§ **What you will do**: All that belongs in the answer is the lines from the one containing "Salsa Blackthorn 145" to the end of the listing below, copied exactly, pictures excluded.

§ **Given information**:

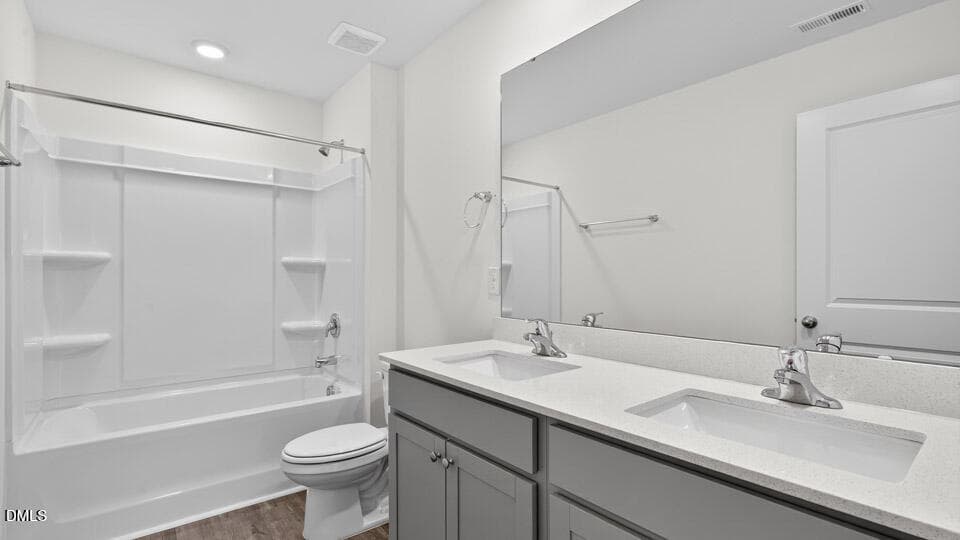 Bathroom - 516 Chestnut Oak Drive, Sanford, NC 27332
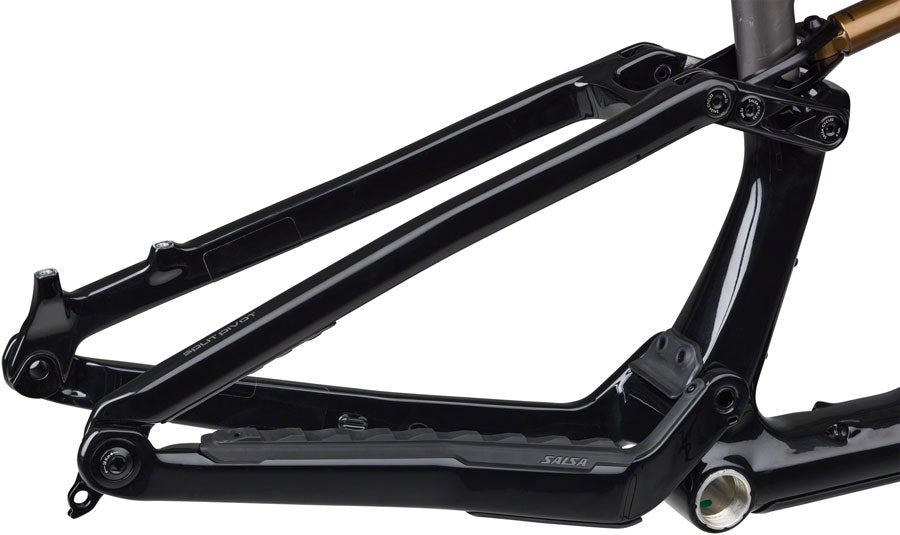 Salsa Blackthorn 145 C Frame - Carbon Black / Smoke Small-Goodwynn'sGoodwynn's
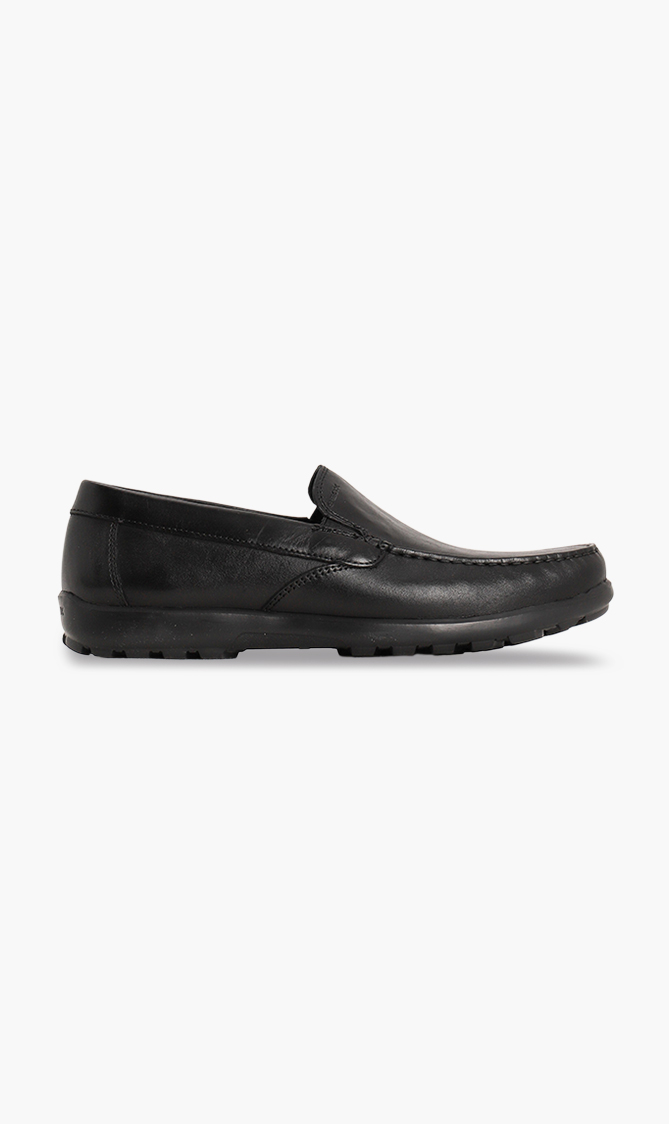 

Geox U Mantra B Leather Loafers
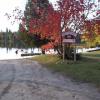 At the boat launch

§ **Solution to this problem**:
 Salsa Blackthorn 145 C Frame - Carbon Black / Smoke Small-Goodwynn'sGoodwynn's

Geox U Mantra B Leather Loafers
 At the boat launch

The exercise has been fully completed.